Task inputs:
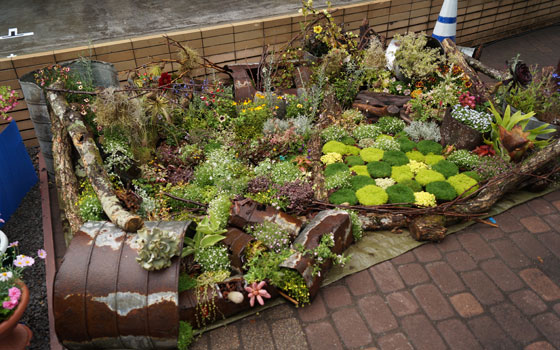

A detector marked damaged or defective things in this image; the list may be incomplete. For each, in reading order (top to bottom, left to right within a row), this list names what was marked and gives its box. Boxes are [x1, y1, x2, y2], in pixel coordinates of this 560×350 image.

rusted metal sheet [228, 64, 258, 102]
rusted metal sheet [53, 220, 192, 348]
rusty metal barrel [53, 221, 192, 350]
rusted metal sheet [230, 198, 304, 237]
rusted metal sheet [280, 209, 354, 300]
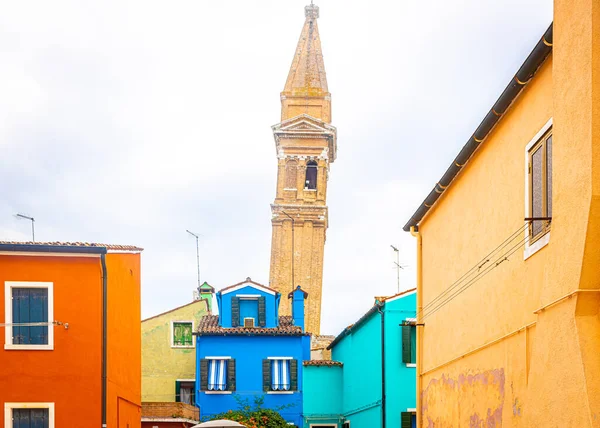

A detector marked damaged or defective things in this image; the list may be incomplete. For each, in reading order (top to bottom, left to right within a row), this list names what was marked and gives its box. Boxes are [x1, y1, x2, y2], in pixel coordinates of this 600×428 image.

peeling paint patch [422, 368, 506, 424]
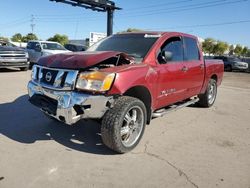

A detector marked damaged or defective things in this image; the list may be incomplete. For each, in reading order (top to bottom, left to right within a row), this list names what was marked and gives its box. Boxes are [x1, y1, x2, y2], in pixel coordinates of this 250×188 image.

dented hood [37, 50, 132, 69]
crumpled front end [27, 64, 113, 125]
damaged front bumper [27, 81, 113, 125]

Your assignment: Print the whole listing exactly. No pictures belong in the copy.

Exercise result:
A detector marked damaged or defective things in this image; the list may be incomplete. For each, in reading order (top to bottom, left to right within a row), this list names what was marked and gives its box. Boxes are [x1, y1, x2, y2], in pixel coordinates of this 560×350 image.

rusted metal sheet [228, 64, 258, 102]
rusted metal sheet [53, 220, 192, 348]
rusty metal barrel [53, 221, 192, 350]
rusted metal sheet [230, 198, 304, 237]
rusted metal sheet [280, 209, 354, 300]

A detector marked damaged or defective things in this image; the list may be incomplete. For each, in reading order (top to bottom, left to right within a row), this list names what was marked and gives its box. Boxes are [x1, y1, x2, y2], in pixel coordinates of this 600×428 image.

peeling paint patch [422, 368, 506, 424]

A detector marked damaged or defective things in this image; the list may be incomplete. For each, in reading order (top to bottom, left to right within a row), this list names what was marked and gives its box. Boxes are [x1, y1, x2, y2], in pixel coordinates of this 250×188 image.

dented hood [37, 50, 132, 69]
crumpled front end [27, 64, 113, 125]
damaged front bumper [27, 81, 113, 125]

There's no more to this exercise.